The Murder of Meredith Kercher
The murder of British student Meredith Kercher in Perugia, Italy on November 1, 2007 caused a global controversy. Not so much for the crime itself, although it was certainly a brutal murder, but because of the disputed guilt or innocence of two of the three defendants, American Amanda Knox and Italian Raffaele Sollecito.
Rudy Guede admitted to being present at the crime scene when the murder was committed and watching as Kercher bled to death, but denied being the actual killer. However, the forensic evidence points firmly to Guede’s guilt. A bloody handprint of his, covered with the victims’s blood, was on Kercher’s bedroom wall. Italian forensic police testified that Guede’s DNA was inside the victim.
Following his trial, Guede was convicted and sentenced to 30 years in prison. That sentence was reduced to 16 years during his appeal hearing when Guede agreed to testify against Knox and Sollecito. Guede becomes eligible for parole in 2014 due to his reduced sentence. Just because he will be eligible for parole is no guarantee he will be released.

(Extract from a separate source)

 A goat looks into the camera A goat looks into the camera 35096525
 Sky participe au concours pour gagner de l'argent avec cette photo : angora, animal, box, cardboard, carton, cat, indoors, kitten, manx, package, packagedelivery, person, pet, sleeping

Following Guede’s trial and conviction, Knox and Sollecito went on trial in 2009 for their alleged roles in the murder of the 21-year-old Kercher. Both were found guilty and sentenced to more than 25 years. Under the Italian two-tier trial system, the case was then referred to the higher-level court to be heard a second time, after which judges would either confirm or reject the lower-level court's verdict. In 2011 the higher-level court overturned the initial convictions, issuing a ruling lambasting the police’s handling of the investigation. Judges also singled out major defects in the collection, handling and analysis of critical forensic evidence used by the prosecution.

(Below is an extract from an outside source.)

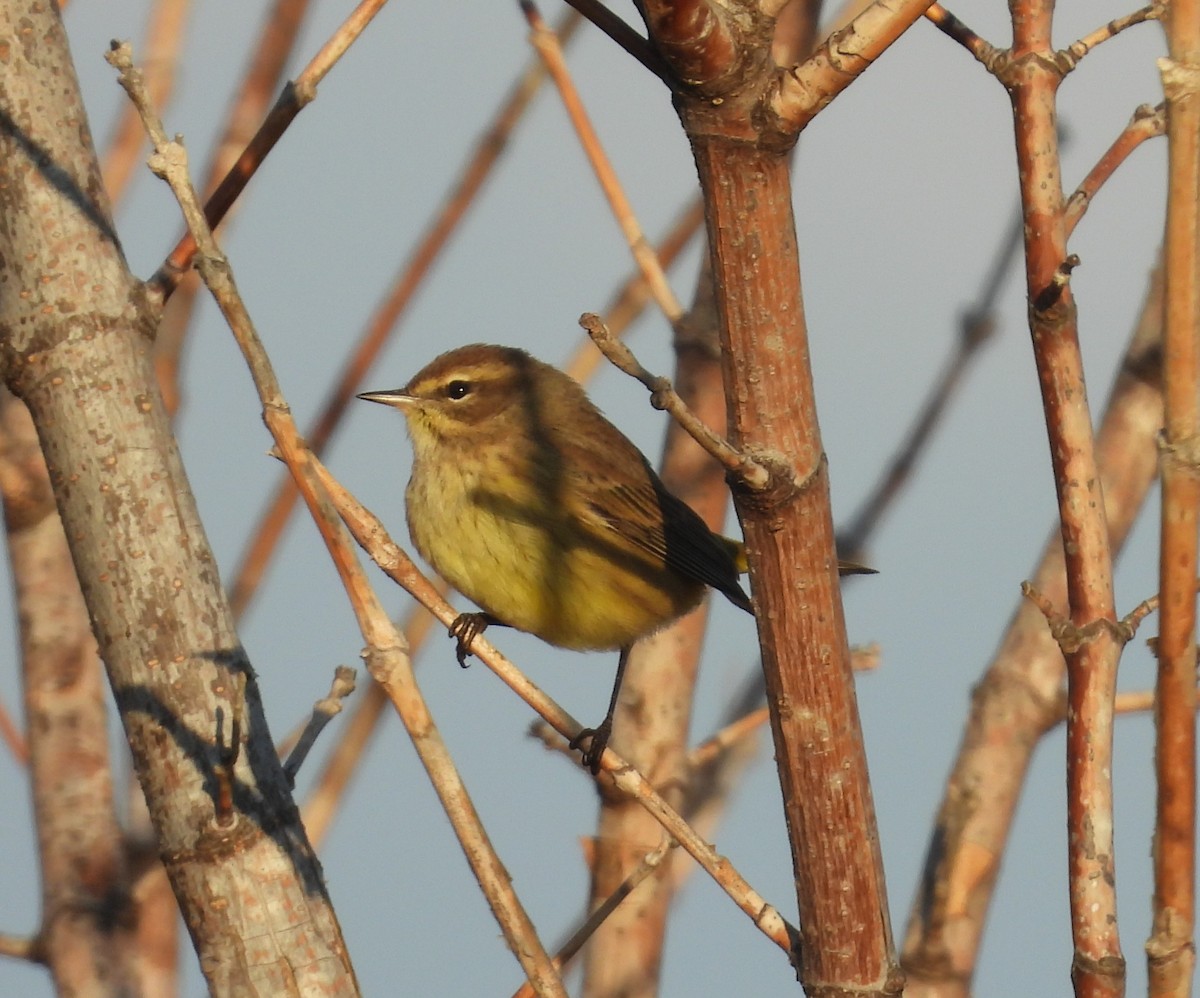 Palm Warbler - ML643695821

Unlike in the United States and Great Britain where exonerated defendants are protected against being retried for the same crime, Italy operates under the Code Napoleon which offers no protection against double jeopardy. Under Italian law prosecutors have the same right to appeal acquittals as defendants to appeal convictions. Both prosecutors and defendants can go from the higher-level tribunal to the Court of Cassation (Italy's highest judicial body, equivalent to the U.S. Supreme Court). Prosecutors appealed the higher-level ruling and, in March 2013, Italian prosecutors won. The higher-level ruling quashing the murder convictions was itself overturned and the court granted a prosecution request for a retrial. That retrial began in November 2013 and lasted until January 30, 2014, when the Florence appeal court upheld their 2009 convictions.
Amanda Knox refused to leave the United States to stand for retrial, but Raffaele Sollecito, frequently in the company of his father, attended a good portion of the retrial. He was not present in the courtroom when the verdicts were announced.
Meredith Kercher had a passion for Italy and its people, language and culture. She started a degree course at Leeds University in 2007 studying European Politics and Italian, electing to spend her foreign study year at the University of Perugia. While at Perugia she studied modern history, political theories and the history of Italian cinema. She was fluent in Italian and supported herself with the usual low-paid student work including promotional work for a local company, working as a tour guide and bar work at local nightclub Le Chic, owned by a Congolese immigrant, Patrick Lumumba.
It was through Lumumba that she met Amanda Knox when Knox took a job at Le Chic. Through Knox she met co-defendants Rudy Guede and RaffaeleSollecito.(Knox has denied ever having met or known Guede, but Candace Demspey, author of Murder in Italy, has stated unambiguously that Knox did meet him at least once. In a recent letter to Italian authorities Knox herself stated she met Guede only once, but never after that.)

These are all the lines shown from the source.